自覚することの重要さ

不登校・ひきこもり・ニート、このすべての当事者、保護者、支援者や教師に“自覚”が必要です。

自覚は、問題を抱えている人だけではなく、生きている人すべてに対しても、「自覚している人と自覚できていない人」に大きな差を生み出すことになります。

ここでいう“自覚”とは、

「自分の悪いところ・改善すべきところを、なるべく正しく知る」

ということです。

基本的に人間というものは、多くの場合「自分が正しい」と思っています。

そしてまた、人間というものは、自分のことを正しく見ることができません。

これは自分の後頭部や背中を自分の肉眼で見ることができないのと似ています。
自分の後頭部を見るためには、鏡などの道具を使ったり、他人に見てもらうしか方法がないのです。

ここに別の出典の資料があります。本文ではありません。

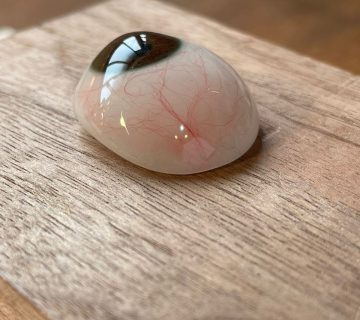 تأثیر پروتز چشم بر کیفیت زندگی بیماران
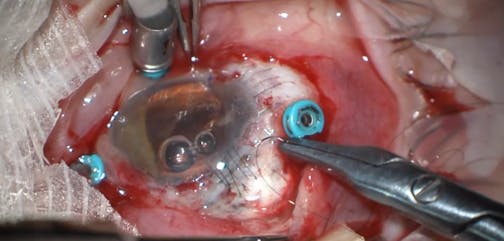 Dislocated IOL and Spontaneous Filtering Bleb in Patient With Marfan Syndrome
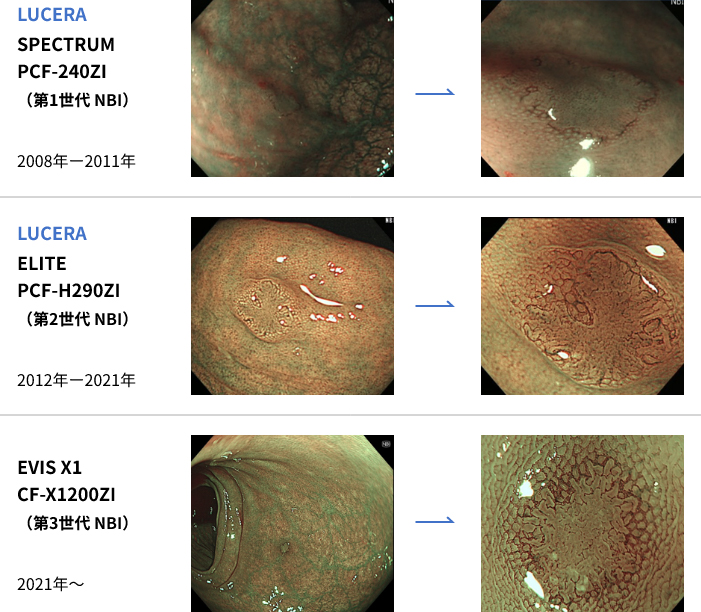 第一世代～第三世代のNBIの光量の比較写真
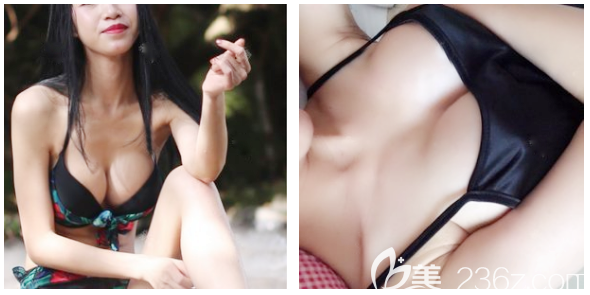 炫耀一下我找廣州藝美整形李闖院長做完假體自體脂肪復合隆胸躺下后的自然真實效果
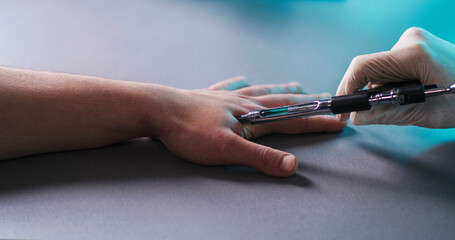 RFID chip implantation process in clinic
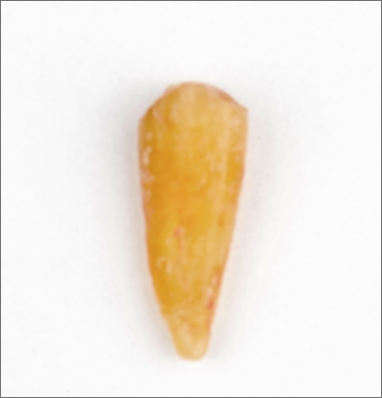 Extracted tooth prepared for dentin grafting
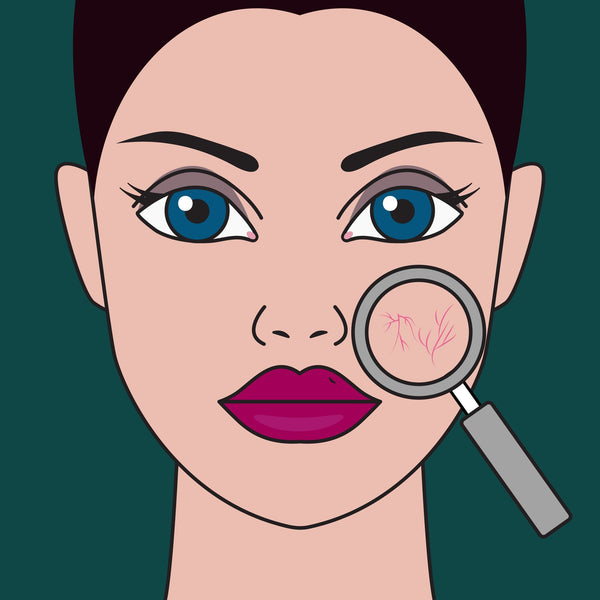 Ocular Rosacea Treatment Guide - Diet, Creams, Medicines and more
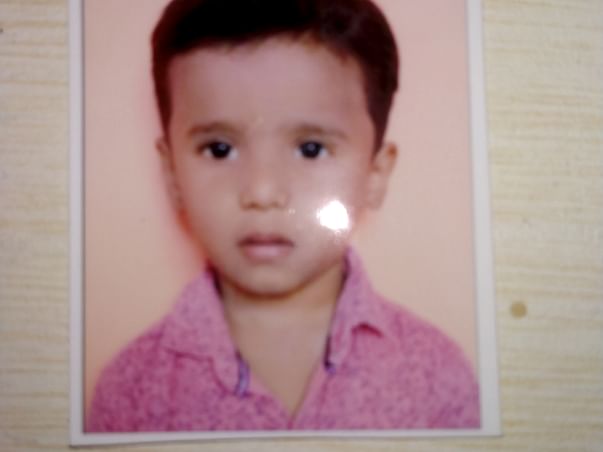 Help Baby Sumant For Cochlear Implant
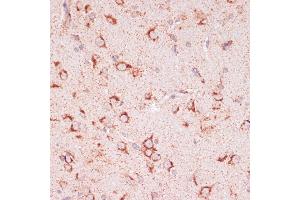 Immunohistochemistry of paraffin-embedded rat brain using ENTPD6 antibody (ABIN7266897) at dilution of 1:100 (40x lens). (ENTPD6 antibody  (AA 61-300))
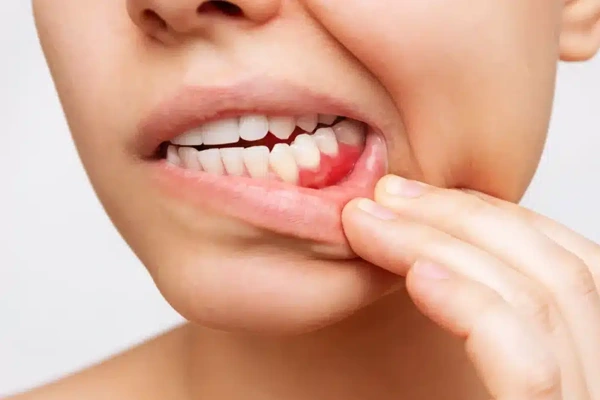 10 síntomas de la periodontitis que debes saber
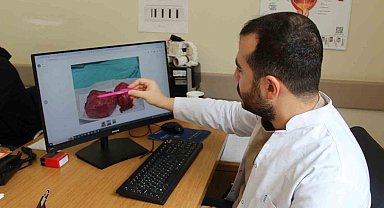 300 gramlık prostat dokusu başarıyla çıkarıldı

“自覚”とは、そんな自分の良さ悪さを、なるべく等身大に、客観的に見てナットクすることです。

例えば、お風呂に入るのが面倒くさくて、滅多にお風呂に入らない人がいたとします。
当然、体臭は臭くなってきますが、自分の体臭というのは自分自身ではなかなか気がつかないもの。
そんなとき誰かから「キミ臭いよ」と、指摘されたとします。

そのとき

「そうか」と自覚してお風呂に入って体を洗う人は、臭くなくなるでしょうし、お風呂に入らないと臭くなると学習できれば、今後定期的にお風呂に入ることによって、今後体臭が問題になることはなくなるでしょう。

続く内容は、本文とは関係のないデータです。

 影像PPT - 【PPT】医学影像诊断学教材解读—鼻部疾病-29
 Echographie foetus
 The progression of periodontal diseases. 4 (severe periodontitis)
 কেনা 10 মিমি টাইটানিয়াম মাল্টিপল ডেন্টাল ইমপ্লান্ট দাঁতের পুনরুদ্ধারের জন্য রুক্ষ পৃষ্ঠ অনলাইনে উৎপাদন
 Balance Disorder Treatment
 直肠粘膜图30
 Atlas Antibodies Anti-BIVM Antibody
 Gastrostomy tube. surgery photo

「そんなバカなことがあるか!」と、他人の指摘を無視して自覚しないままだと、その人は後々まで体臭が改善されることはないでしょう。

「オレじゃないよ、アイツだよ」と、人のせいにする人もいるかも知れませんが、その人も改善されないでしょう。

「そうなのか!」と自覚したものの、恥ずかしくなってその後、一切人前に出られなくなる場合も、例えその後お風呂に入るようになったとしても、改善されたと言い難いかも知れません。

逆に、体臭などないのに、自分で気にしすぎて人前に出られなくなる人なども、「正しく自覚している」とは言い難いでしょう。

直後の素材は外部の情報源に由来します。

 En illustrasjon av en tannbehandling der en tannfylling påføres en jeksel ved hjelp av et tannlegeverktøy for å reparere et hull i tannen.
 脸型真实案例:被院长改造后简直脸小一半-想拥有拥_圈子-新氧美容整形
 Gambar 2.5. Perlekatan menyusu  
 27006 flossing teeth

このように、いくら人に指摘されても、それを“自覚”しない人は、いくら他人が厳しく指摘も、あまり効果はありません。

自ら気付き、改善しようとする気がないと、いくら他人が口酸っぱくいっても改善はむつかしいのです。

また、指摘する人が正しいとも限りません。

それを判断するのも、本人の自覚次第ということになります。

自分で気付き、自分で助けを求めるなり、改善のための行動をしようとしないと、問題解決はとてもむつかしいのです。

逆にいえば、自覚して「なんとかしなきゃ」と思っている人は、すでに半分以上、問題解決に近づいているといえるのではないでしょうか?